Work to complete
Within the entries below, the lines from the one with "Kit de Brinquedos" through the one with "8 French 19th" are to be set down exactly, both ends kept.

══ Given data

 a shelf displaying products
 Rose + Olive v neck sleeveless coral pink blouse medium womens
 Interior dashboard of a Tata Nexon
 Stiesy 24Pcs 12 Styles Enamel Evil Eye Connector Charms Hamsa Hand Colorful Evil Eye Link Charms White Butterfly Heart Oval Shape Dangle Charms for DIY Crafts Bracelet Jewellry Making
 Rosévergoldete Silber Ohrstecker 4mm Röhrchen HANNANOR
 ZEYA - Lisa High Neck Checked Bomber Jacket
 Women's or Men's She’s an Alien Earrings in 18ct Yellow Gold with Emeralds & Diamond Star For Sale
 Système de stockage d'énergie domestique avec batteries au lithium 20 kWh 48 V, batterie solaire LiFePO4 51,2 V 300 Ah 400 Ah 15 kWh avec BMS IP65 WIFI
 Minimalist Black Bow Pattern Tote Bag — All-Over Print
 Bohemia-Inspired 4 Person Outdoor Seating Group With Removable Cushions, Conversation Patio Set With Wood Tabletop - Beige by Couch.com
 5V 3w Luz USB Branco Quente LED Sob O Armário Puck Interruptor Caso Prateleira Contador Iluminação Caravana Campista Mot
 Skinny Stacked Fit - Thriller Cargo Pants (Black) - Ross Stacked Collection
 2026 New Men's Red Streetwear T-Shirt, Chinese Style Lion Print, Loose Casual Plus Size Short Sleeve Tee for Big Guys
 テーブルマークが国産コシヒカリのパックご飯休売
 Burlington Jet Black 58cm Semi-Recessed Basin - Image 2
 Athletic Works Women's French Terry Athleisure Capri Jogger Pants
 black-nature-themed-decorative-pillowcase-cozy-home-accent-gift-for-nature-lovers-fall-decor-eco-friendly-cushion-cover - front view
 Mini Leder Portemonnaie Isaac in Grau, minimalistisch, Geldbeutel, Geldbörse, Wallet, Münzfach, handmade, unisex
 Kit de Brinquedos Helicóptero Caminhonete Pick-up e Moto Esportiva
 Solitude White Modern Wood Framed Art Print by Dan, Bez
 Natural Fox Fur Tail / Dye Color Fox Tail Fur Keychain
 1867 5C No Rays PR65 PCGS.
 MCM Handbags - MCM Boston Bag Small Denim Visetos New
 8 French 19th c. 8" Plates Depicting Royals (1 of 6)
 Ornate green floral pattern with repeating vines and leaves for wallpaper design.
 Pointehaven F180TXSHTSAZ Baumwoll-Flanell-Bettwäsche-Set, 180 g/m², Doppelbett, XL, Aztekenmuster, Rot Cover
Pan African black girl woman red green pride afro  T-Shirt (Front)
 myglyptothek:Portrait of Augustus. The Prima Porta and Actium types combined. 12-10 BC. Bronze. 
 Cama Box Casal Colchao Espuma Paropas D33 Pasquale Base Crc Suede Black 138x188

════

Written solution
 Kit de Brinquedos Helicóptero Caminhonete Pick-up e Moto Esportiva
 Solitude White Modern Wood Framed Art Print by Dan, Bez
 Natural Fox Fur Tail / Dye Color Fox Tail Fur Keychain
 1867 5C No Rays PR65 PCGS.
 MCM Handbags - MCM Boston Bag Small Denim Visetos New
 8 French 19th c. 8" Plates Depicting Royals (1 of 6)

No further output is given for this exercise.